* [DATA TO USE]
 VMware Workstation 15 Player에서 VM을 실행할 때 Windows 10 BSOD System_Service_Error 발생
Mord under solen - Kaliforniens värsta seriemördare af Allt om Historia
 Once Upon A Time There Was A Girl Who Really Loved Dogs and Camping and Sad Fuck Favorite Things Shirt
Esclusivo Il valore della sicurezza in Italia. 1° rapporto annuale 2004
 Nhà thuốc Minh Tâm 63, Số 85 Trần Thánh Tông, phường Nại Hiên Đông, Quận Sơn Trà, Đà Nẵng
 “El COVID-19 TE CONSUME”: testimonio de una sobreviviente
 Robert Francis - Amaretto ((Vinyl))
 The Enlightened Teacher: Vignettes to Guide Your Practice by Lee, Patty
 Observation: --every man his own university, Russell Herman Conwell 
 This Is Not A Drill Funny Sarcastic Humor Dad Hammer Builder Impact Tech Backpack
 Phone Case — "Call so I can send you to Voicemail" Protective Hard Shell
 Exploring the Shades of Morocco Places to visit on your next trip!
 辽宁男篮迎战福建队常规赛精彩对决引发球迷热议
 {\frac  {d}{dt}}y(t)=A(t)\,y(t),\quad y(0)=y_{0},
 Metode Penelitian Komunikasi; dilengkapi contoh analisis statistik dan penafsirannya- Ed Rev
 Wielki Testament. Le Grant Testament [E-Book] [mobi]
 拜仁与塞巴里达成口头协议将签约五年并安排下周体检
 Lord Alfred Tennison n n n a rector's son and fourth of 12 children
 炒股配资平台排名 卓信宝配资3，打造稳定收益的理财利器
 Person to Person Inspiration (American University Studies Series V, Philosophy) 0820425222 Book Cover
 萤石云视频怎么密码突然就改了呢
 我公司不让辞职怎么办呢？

* [AIM OF THE EXERCISE]
The response is the exact set of lines from the one holding "Robert Francis - Amaretto ((Vinyl))" through the last line of the material.

* [RESPONSE FOR THIS EXERCISE]
 Robert Francis - Amaretto ((Vinyl))
 The Enlightened Teacher: Vignettes to Guide Your Practice by Lee, Patty
 Observation: --every man his own university, Russell Herman Conwell 
 This Is Not A Drill Funny Sarcastic Humor Dad Hammer Builder Impact Tech Backpack
 Phone Case — "Call so I can send you to Voicemail" Protective Hard Shell
 Exploring the Shades of Morocco Places to visit on your next trip!
 辽宁男篮迎战福建队常规赛精彩对决引发球迷热议
 {\frac  {d}{dt}}y(t)=A(t)\,y(t),\quad y(0)=y_{0},
 Metode Penelitian Komunikasi; dilengkapi contoh analisis statistik dan penafsirannya- Ed Rev
 Wielki Testament. Le Grant Testament [E-Book] [mobi]
 拜仁与塞巴里达成口头协议将签约五年并安排下周体检
 Lord Alfred Tennison n n n a rector's son and fourth of 12 children
 炒股配资平台排名 卓信宝配资3，打造稳定收益的理财利器
 Person to Person Inspiration (American University Studies Series V, Philosophy) 0820425222 Book Cover
 萤石云视频怎么密码突然就改了呢
 我公司不让辞职怎么办呢？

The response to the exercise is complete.